• [Task objective]:
Excluding pictures, reproduce word for word the lines from the one containing "Drip Irrigation System" through the end of the material below.

• [Recorded information]:
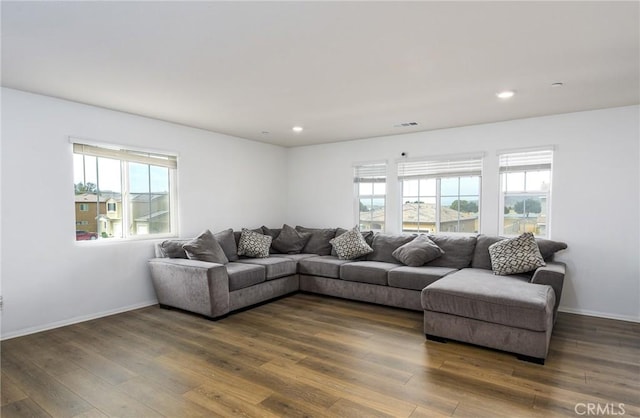 28400 Memory Ln, Winchester, CA 92596 - living area featuring wood finished floors, recessed lighting, and baseboards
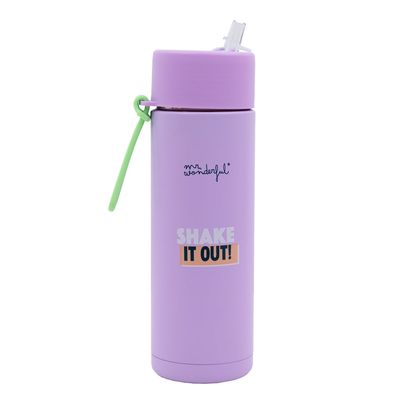 BOTELLA TÉRMICA MR WONDERFUL LILA 750 ML ACERO INOXIDABLE 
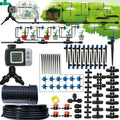 Drip Irrigation System with Water Timer 162ft Kit - Easy Auto Watering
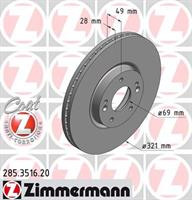 Диск гальмівний Otto Zimmermann 285351620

• [Solution to this exercise]:
 Drip Irrigation System with Water Timer 162ft Kit - Easy Auto Watering
 Диск гальмівний Otto Zimmermann 285351620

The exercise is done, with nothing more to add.